- [What this task involves]: Give the data again in full, without pictures.

- [Data segment]:
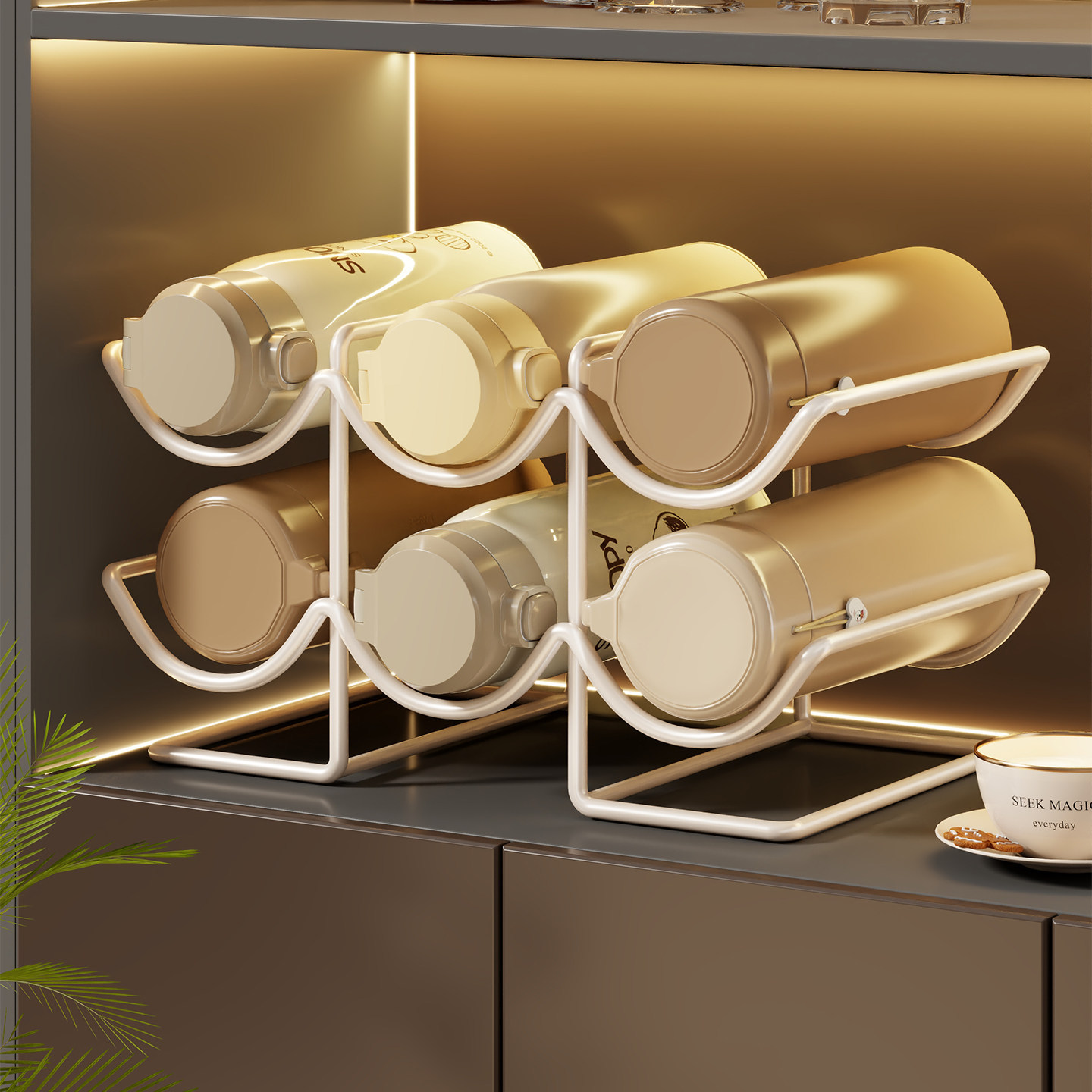 Estante de Almacenamiento para Tazas de Hierro, Apilable, para Cocina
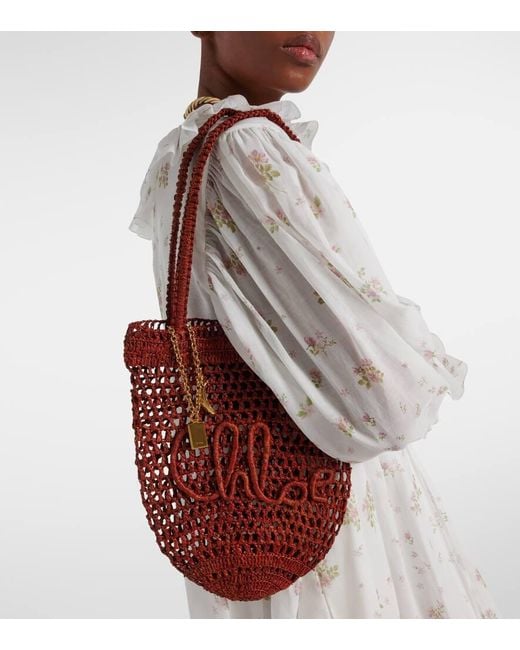 Chloé Red Summer Banana Small Raffia Tote Bag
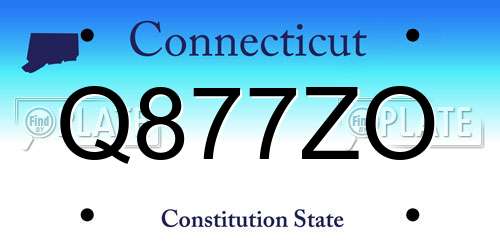 Q877ZO Connecticut License Plate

- [Exercise output]:
 Estante de Almacenamiento para Tazas de Hierro, Apilable, para Cocina
 Chloé Red Summer Banana Small Raffia Tote Bag
 Q877ZO Connecticut License Plate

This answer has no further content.